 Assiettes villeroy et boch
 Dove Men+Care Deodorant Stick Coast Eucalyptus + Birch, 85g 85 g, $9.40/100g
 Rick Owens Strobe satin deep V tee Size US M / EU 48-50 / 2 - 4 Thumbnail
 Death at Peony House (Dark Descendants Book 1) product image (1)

* * *

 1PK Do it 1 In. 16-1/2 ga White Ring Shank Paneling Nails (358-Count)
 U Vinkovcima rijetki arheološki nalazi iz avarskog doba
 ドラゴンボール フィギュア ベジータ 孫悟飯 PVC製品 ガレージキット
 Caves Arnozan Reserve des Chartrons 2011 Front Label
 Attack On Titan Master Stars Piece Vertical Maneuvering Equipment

--

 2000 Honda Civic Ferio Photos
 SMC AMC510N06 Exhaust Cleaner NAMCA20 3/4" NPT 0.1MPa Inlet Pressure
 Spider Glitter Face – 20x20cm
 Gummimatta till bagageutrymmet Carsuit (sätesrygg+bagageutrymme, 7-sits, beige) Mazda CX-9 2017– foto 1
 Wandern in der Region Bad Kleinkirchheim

_Task to complete_. Only the lines from the one containing "Gummimatta till bagageutrymmet" through the one containing "Wandern in der Region Bad Kleinkirchheim" are to be retyped, both boundary lines included, with no other material.

_Solution to this exercise_.
 Gummimatta till bagageutrymmet Carsuit (sätesrygg+bagageutrymme, 7-sits, beige) Mazda CX-9 2017– foto 1
 Wandern in der Region Bad Kleinkirchheim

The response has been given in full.